Según las informaciones económicas basadas en los reportes técnicos de la Federación Nacional de Cafeteros (FNC), la cotización del grano ha experimentado presiones debido a la modificación de las fuerzas de la oferta y la demanda en el mercado global. Por su parte, el precio interno de referencia para la compra de la carga de café pergamino seco de 125 kilogramos se situó en promedio durante lo corrido de 2026 en COP$2.300.543 según los tableros oficiales de la FNC, un valor que se ajusta diariamente según la cotización de la Bolsa de Nueva York y la tasa de cambio del peso colombiano frente al dólar estadounidense.
Esta contracción en las cotizaciones domésticas es consecuencia de la recuperación en el volumen de cosecha registrado en Brasil, cuya expansión productiva incrementó el suministro del grano en los canales de comercio global, generando ajustes automáticos a la baja en los mercados de futuros de la Bolsa de Nueva York.
Más allá de los movimientos propios de las cotizaciones en las bolsas de productos básicos, el rendimiento físico de los cafetales colombianos enfrenta las consecuencias de variables agronómicas estructurales y desafíos climáticos operacionales en las zonas rurales. Los análisis de factores determinantes divulgados por el diario Bloomberg Línea explican que existen razones ligadas a la variabilidad en las precipitaciones y a los niveles atípicos de nubosidad que afectaron directamente los ciclos de floración de las plantas, provocando retrasos en la recolección de las cosechas principales y de traviesa de los departamentos del sur del país.

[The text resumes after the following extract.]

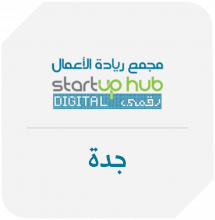 مجمع ريادة الأعمال رقمي - جدة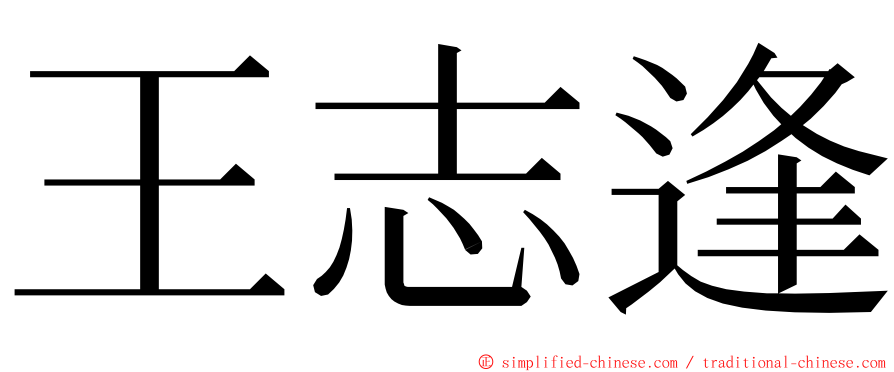 王志逢 ming font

Los pequeños caficultores experimentan una mayor dificultad para absorber esta contracción debido al incremento estructural de los costos fijos asociados a la recolección manual del grano, los fletes viales desde las fincas hasta los cascos municipales y el cumplimiento de las normas ambientales internacionales sobre deforestación. Frente a este panorama de menor volumen físico de grano estándar, los comités técnicos del sector han enfocado sus programas operativos en promover la obtención de perfiles de taza de alta especialidad, el uso de herramientas tecnológicas para el secado eficiente y la diversificación hacia nichos de cafés especiales que capturan primas de calidad estables, buscando aislar de forma parcial la rentabilidad de las familias del precio base internacional.

Desde Sectorial, la contracción acumulada del 28,3% en la producción de café en Colombia durante el año 2026 expone la vulnerabilidad del sector real agrícola ante el reequilibrio de las fuerzas de mercado globales. El descenso del precio interno de referencia por carga, en lo corrido del año, marca el agotamiento del ciclo excepcional de altos ingresos de los caficultores y reduce la liquidez disponible para la inversión en renovación de cultivos y tecnificación de las fincas.
El incremento en el volumen exportado por Brasil constituye una presión bajista estructural de mediano plazo que impedirá un retorno a las cotizaciones récord. Por lo tanto, se proyecta que la sostenibilidad de las unidades agrícolas dependerá de una migración acelerada hacia la diferenciación de café especial con valor agregado y de la optimización de los costos de recolección de mano de obra.